The tax collectors and the sinners were all gathering around Jesus to listen to his teaching, at which the Pharisees and the scribes murmured, “This one welcomes sinners and eats with them.” Then Jesus addressed the following parable to them:

“A man had two children. The younger said to their father, ‘Give me my share of the estate that is coming to me.’ So the father divided up the estate. Some days later, the younger son gathered up his belongings and set off to a distant land. Here he squandered all his money and inheritance on loose living. After everything was spent, a great famine broke over the land. Everyone, including the son, was in great need. So the son went to a landowner, who in turn sent him to his farm to take care of his pigs.
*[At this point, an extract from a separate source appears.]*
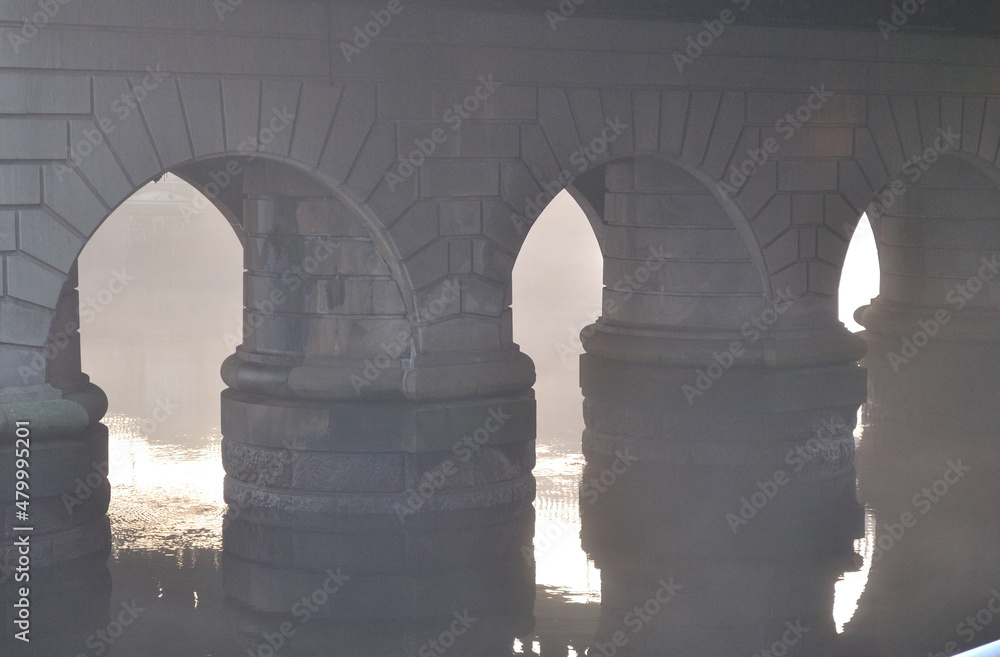 Stone Bridge Supports Reflected in River Waters on Misty Morning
The son longed to eat the husks that were fodder for the pigs; but no one made any move to give him any. At last coming to his senses, the son thought: ‘How many hired hands at my father’s house have more than enough to eat, while here I am starving! I will go back home and say, “I have sinned against God and against you. I no longer deserve to be called one of your children. Treat me like one of your hired hands.”
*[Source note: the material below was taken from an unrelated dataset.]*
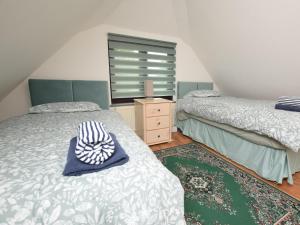 a bedroom with two beds and a dresser and a window at 2 Bed in Hailsham oc-89416 in Hailsham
“With that in mind, this younger son began his journey homewards. While he was still a long ways distant, his father caught sight of his returning child and was deeply moved. He ran out to meet his son, threw his arms around him, and kissed him. Then his son said to him, ‘I have sinned against God and against you. I no longer deserve to be called your child.’ But the faith said to one of his hired hands, ‘Quick, bring out the finest robe and put it on him. Put a ring on his finger and shoes on his feet. Take the fatted calf and kill it! We are celebrating because this son of mine was dead and has now come back to life; he was lost ands now is found.’ Then the celebration began.

“Meanwhile the elder son was working the land. Nearing the house, he heard the sound of music and dancing. He called a hired hand over and asked, ‘What is the reason for all this dancing and music?’ The hired hand responded, ‘Your brother is back home, and the fatted calf has been killed because your father has him back in good health.’ The son became angry at this and would not join the party. So his father came out and began to plead with him. But the elder son replied, ‘For years now I have worked for you. I never disobeyed any of your orders. Yet you never gave me so much as a kid goat to celebrate with my friends. Then when this other one returns after having gone through your property with prostitutes, you kill the fatted calf for him.’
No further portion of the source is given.